Listed records ->

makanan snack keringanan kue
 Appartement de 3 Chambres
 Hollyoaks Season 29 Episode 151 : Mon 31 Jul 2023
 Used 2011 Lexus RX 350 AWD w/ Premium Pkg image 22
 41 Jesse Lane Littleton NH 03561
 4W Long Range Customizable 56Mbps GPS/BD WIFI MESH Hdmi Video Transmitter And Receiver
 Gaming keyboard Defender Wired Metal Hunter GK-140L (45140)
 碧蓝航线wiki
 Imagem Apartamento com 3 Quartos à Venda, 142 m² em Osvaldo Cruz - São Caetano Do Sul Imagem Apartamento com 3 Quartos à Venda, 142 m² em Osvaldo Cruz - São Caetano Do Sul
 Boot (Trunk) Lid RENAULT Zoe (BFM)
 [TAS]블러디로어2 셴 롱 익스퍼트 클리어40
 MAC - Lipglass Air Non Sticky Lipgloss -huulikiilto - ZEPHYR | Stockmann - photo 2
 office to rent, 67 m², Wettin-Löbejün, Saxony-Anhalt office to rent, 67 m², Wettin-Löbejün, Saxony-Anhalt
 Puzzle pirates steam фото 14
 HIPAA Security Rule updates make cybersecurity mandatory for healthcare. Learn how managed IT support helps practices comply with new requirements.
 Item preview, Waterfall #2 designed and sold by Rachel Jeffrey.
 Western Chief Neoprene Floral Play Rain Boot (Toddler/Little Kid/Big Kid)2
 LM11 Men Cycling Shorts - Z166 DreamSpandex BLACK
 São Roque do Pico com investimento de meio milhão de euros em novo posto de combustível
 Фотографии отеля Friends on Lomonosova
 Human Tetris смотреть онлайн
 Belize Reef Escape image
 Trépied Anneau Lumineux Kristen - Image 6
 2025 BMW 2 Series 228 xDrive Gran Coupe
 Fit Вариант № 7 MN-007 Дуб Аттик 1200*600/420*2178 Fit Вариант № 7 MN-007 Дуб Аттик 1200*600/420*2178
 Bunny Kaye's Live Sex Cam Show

Work instructions ->
Output exactly the lines of the material above from the one containing "Item preview, Waterfall" up to and including the one containing "2025 BMW 2 Series 228 xDrive Gran Coupe".

Reply ->
 Item preview, Waterfall #2 designed and sold by Rachel Jeffrey.
 Western Chief Neoprene Floral Play Rain Boot (Toddler/Little Kid/Big Kid)2
 LM11 Men Cycling Shorts - Z166 DreamSpandex BLACK
 São Roque do Pico com investimento de meio milhão de euros em novo posto de combustível
 Фотографии отеля Friends on Lomonosova
 Human Tetris смотреть онлайн
 Belize Reef Escape image
 Trépied Anneau Lumineux Kristen - Image 6
 2025 BMW 2 Series 228 xDrive Gran Coupe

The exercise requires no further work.